時代設定を30年後のロスに置き換えて、レプリカントと人間の戦い、レプリカントの”ある謎”を巡るハードなサスペンス作品になっている。
監督は今年日本公開された
「メッセージ」(2016米)でも高い評価を得たD・ヴィルヌーヴ。ヴィルヌーヴはああ見えてかなりのSF映画ファンらしく今回の続編には並々ならぬ意欲を持って臨んでいる。
そして、製作総指揮は前作の監督R・スコットが、原案・共同脚本は前作の脚本家ハンプトン・ファンチャーが務めている。前作の柱たるスタッフが継続しているので、作品の世界観やトーンは自然に継承されており、テーマも更に深く追及されているので、前作を観た人にも安心して楽しめる作品となっていると思う。実に正統派な続編と言えよう。
とはいえ、確かに上映時間2時間43分は長いと感じた。全体的にスロウテンポな映画で、演出も決してメリハリがあるというわけではない。むしろゆったりとした演出が続くので、観た人の中には退屈と感じる人がいるかもしれない。
しかし、撮影監督ロジャー・ディーキンズが作り出す映像美に痺れ、Kの葛藤を煮詰めるヴィルヌーヴの演出に酔いしれれば決して”無駄”な”長さ”とは感じないだろう。編集で各シーンを1割削ることも可能だったかもしれない。しかし、そうしたら果たして全体の鑑賞感はどうなっていただろう?おそらくここまでズシリとした重みは感じられまい。
物語は、Kの視座で進むレプリカントと自身の秘密を探るサスペンス劇となっている。今回特徴的だと思ったのはAIのホログラム、ジョイを登場させたことだと思う。昨今何かと話題のAIだがそれをこの続編はドラマを展開させるうえでのキーパーソンとして登場させている。
ジョイは孤独なKを慰める実態なき存在、いわゆる二次元の恋人である。

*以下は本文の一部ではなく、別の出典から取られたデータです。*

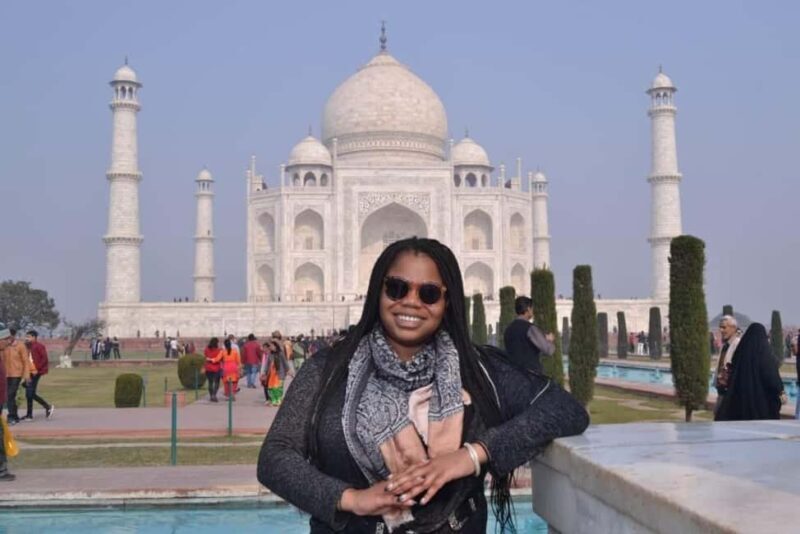 4 Days Private Luxury Golden Triangle Tour from Delhi - FAQs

”人間もどき”と揶揄される新型レプリカントKと心を通わせる過程は、中々感傷に浸れる作りとなっており、共に”人ならざる”者同士、愛を確かめあう所に切なさが湧いてくる。
このロマンスは、途中で登場する娼婦用レプリカントを交えた3人のセックスシーンによって昇華されるのだが、ここは映画史におけるラブシーンの、ある種の”発明”のように思えた。技術的には何と言うことはないCGIによる合成だと思うが、何と幻惑的で斬新なことだろう。この演出を考えたヴィルヌーヴはやはり天才である。

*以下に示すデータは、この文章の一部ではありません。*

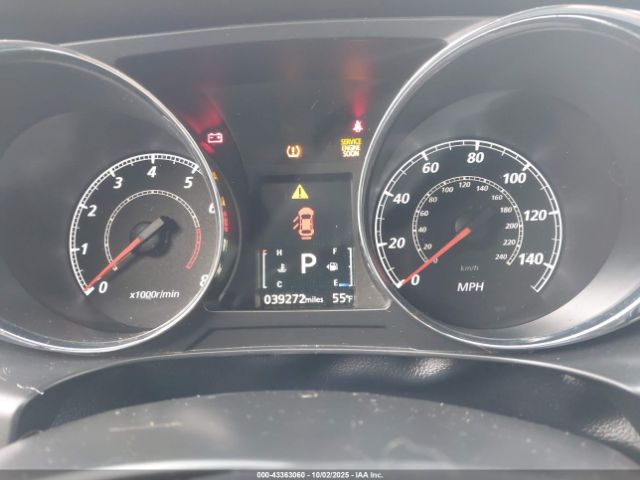 2023 MITSUBISHI OUTLANDER SPORT JA4ARUAU8PU007536 Photo 6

そして、クライマックスでのジョイの別れのセリフも泣かせる。普通の監督であれば情感たっぷりに盛り上げるだろうが、ヴィルヌーヴは敢えて淡泊にスルーしてしまう。このあたりが常人の監督と違うところである。ヘンに下世話にならずに済んでいる。
前作はデッカードとレプリカントであるレイチェルのロマンスを軸にした物語だった。それに対して今回はKとジョイの、言い換えればレプリカントとAIのロマンスドラマである。デッカードが人間かレプリカントかという問題は置いておくとして、もはや”人ならざる”者達の愛をここまで哀愁タップリに描てしまった本作は、前作から更に一歩進んだ所で勝負している、と言えるような気がする。前作のロマンスを換骨奪胎しただけでも、今作はかなり野心的な作品と言える。

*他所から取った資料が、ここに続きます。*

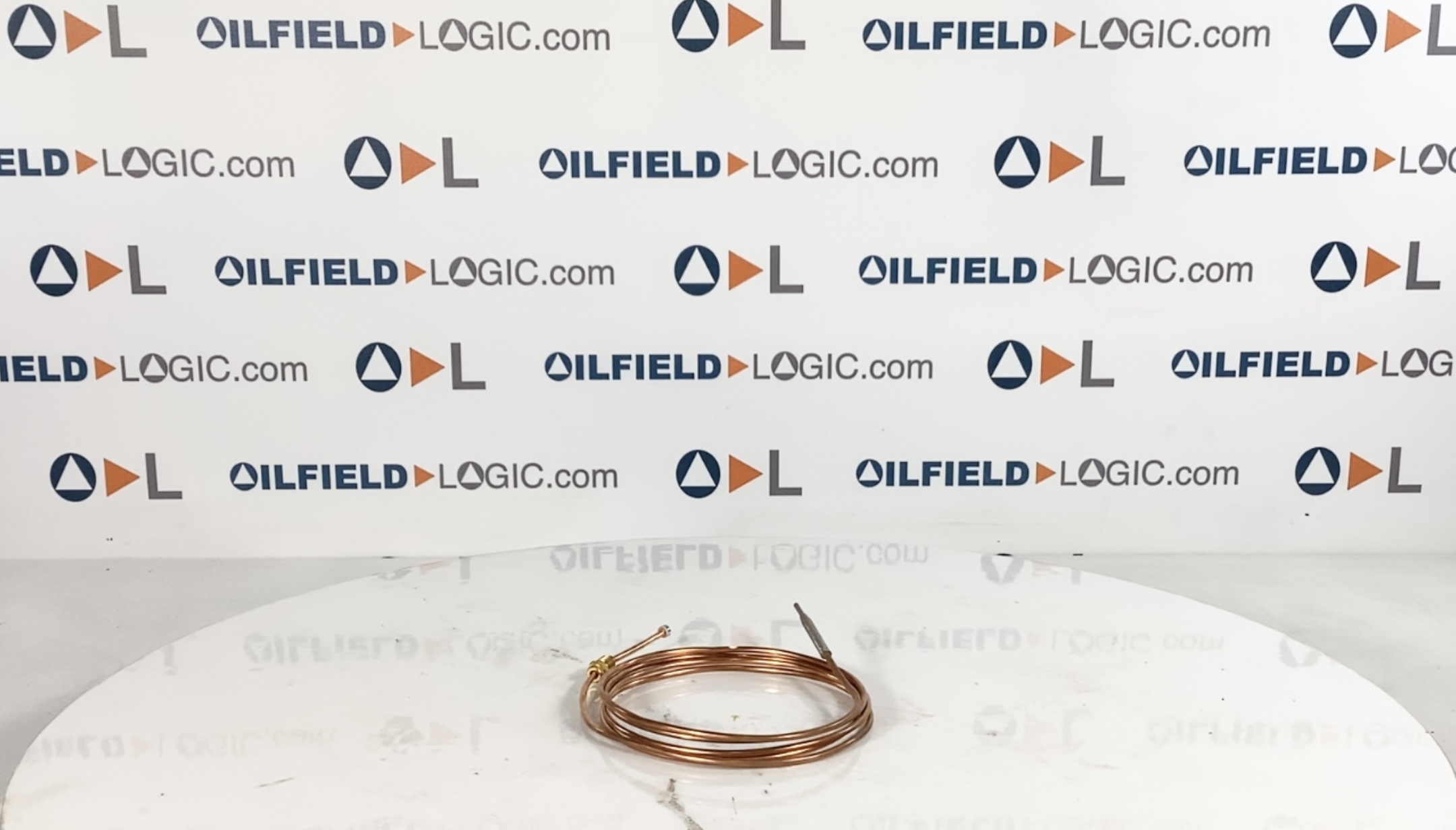 Thermocouple, 72", Snap-In, Baso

尚、この娼婦型レプリカントは、その造形から明らかに前作に登場したレプリカント”プリス”を想起させる。何でもこの役を演じた女優さんはプリスの格好をしてオーディションに挑んだとか‥。なるほど納得である。
本作にはこうした前作のオマージュが所々に見つかる。ファンであればそこを見つけるのも面白かろう。
何と言っても、前作の主演であるH・フォードがデッカード役として再登場し、物語後半の大きなキーとなっていくのが嬉しい。また、前作でデッカードの相棒だったガフもチョイ役で登場してくる。更には、今回の敵役ウォレスの造形には、レプリカントの生みの親タイレルが辿る顛末に呼応するかのように”盲目”という設定が付け加えられている。
今回の続編は、単体だけでもそれなりに楽しめると思うが、前作を観ているとより一層楽しめるような仕掛けが各所に施されている。そういうこともあり、できることなら前作を観た上で鑑賞した方が良いだろう。
そして、「ブレードランナー」と言えば、ロマンス以外にテーマがもう一つある。それは、アンドロイドであるレプリカントが如何に命の尊さを知っていくか‥という、言わば生命尊厳というテーマである。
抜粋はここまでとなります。